New subway in sight at last
Spadina extension's groundbreaking likely in September as Ottawa prepares to pay up
July 25, 2008
Robert Benzie
Tess Kalinowski
Staff Reporters
Officials say the groundbreaking ceremony for the TTC's $2 billion Spadina subway extension is expected as early as September – more than two years after the plan was unveiled.
"We're closer to the finish line than we were before," federal Transport Minister Lawrence Cannon said of his government's long-awaited $697 million contribution to the project. The funding framework should be finalized "relatively quickly," Cannon said.
The groundbreaking would be followed by completion of preparatory work, which has already begun, and shovels could go into the ground late next year. The 8.6-kilometre expansion would boast six stops, including a high-traffic hub at York University, and wind from Downsview station to Vaughan Centre.

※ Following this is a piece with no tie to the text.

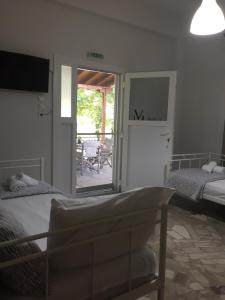 a bedroom with two beds and a sliding glass door at Villa Maria in Ofrínion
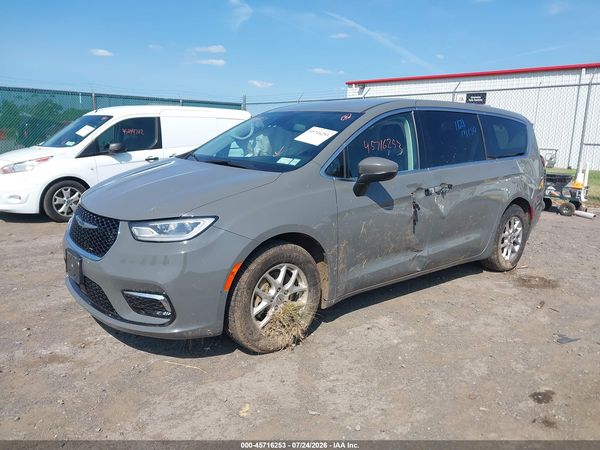 2023 CHRYSLER PACIFICA TOURING L — I2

While the Star first revealed the scheme on March 7, 2006 and the provincial Liberal government made its $697 million contribution official two weeks later, it was another year before Premier Dalton McGuinty and Prime Minister Stephen Harper reached a provisional funding agreement.
Intergovernmental wrangling continued long after McGuinty and Harper held a joint news conference in Downsview on March 6, 2007, but officials say Ottawa's cheque is almost in the mail.
The money is over and above the $9.3 billion for improvements to Ontario infrastructure over the next six years announced yesterday by the federal and provincial governments.
So far, the province and Ottawa have agreed on a handful of projects as priorities, including a rapid transit line to relieve traffic congestion in Kitchener-Waterloo, widening the Trans-Canada Highway in northwestern Ontario and boosting broadband Internet access in southern and eastern Ontario.
But allocation of most of the funds remains to be determined under a framework agreement signed yesterday by the two governments in London.
Toronto Transit Commission chair Adam Giambrone said the subway project's formal launch, signalling that all partners are on board, is expected in the next two to three months.
"This money is coming right on time when we're ready to break ground on construction," said Giambrone.
Shovels could go in the ground late next year with the line running by 2015. That's about a year later than TTC officials had hoped when the plan was announced.
Sewer relocations around York University have already begun and the TTC is in the throes of design and planning work, said the transit authority's Brad Ross.
"People will start to see some real big holes in the ground in about 18 months. We have a project team that has begun work. We're starting to do a lot of the designing and engineering work that has to happen before you can begin digging," he said.
The Spadina subway extension is the only project for which the TTC has applied for money under the federal Building Canada program, but Giambrone said it may request funding for other projects, including $1.25 billion to replace its aging streetcar fleet.
Toronto Mayor David Miller said he understood the public's impatience with the oft-touted, still-unrealized project.
"I think you need to act. You will see announcements with shovels in the ground on transit infrastructure in Toronto, I hope, in the not too distant future," said Miller. Progressive Conservative Leader John Tory said the delays associated with the project prove the need for more stable funding for the TTC.
"We're making the same mistakes over and over again. We announce one subway, declare victory and ... spend the next five years congratulating ourselves and don't do anything in the meantime," said Tory.
"We've got to get back to the point where on things like transit ... we get back to some kind of a (funding) formula."
NDP Leader Howard Hampton bemoaned the hold-up, saying "Dalton McGuinty, Stephen Harper and their deputies could have hammered out this deal long ago."
But York Region chair Bill Fisch said "we're very pleased" the subway will soon be making its first foray into the 905.
"We did expect and anticipate we would get the funding in a reasonable time frame. Now that it's official, we can officially begin the process of building the subway," Fisch said.
Federal, provincial and municipal officials will be at York University today to publicize a previously announced $30 million "busway."
The six-kilometre route between the university and Downsview station along the Finch hydro corridor and Keele St. is expected to be complete in time for the 2009-10 school year, sources said.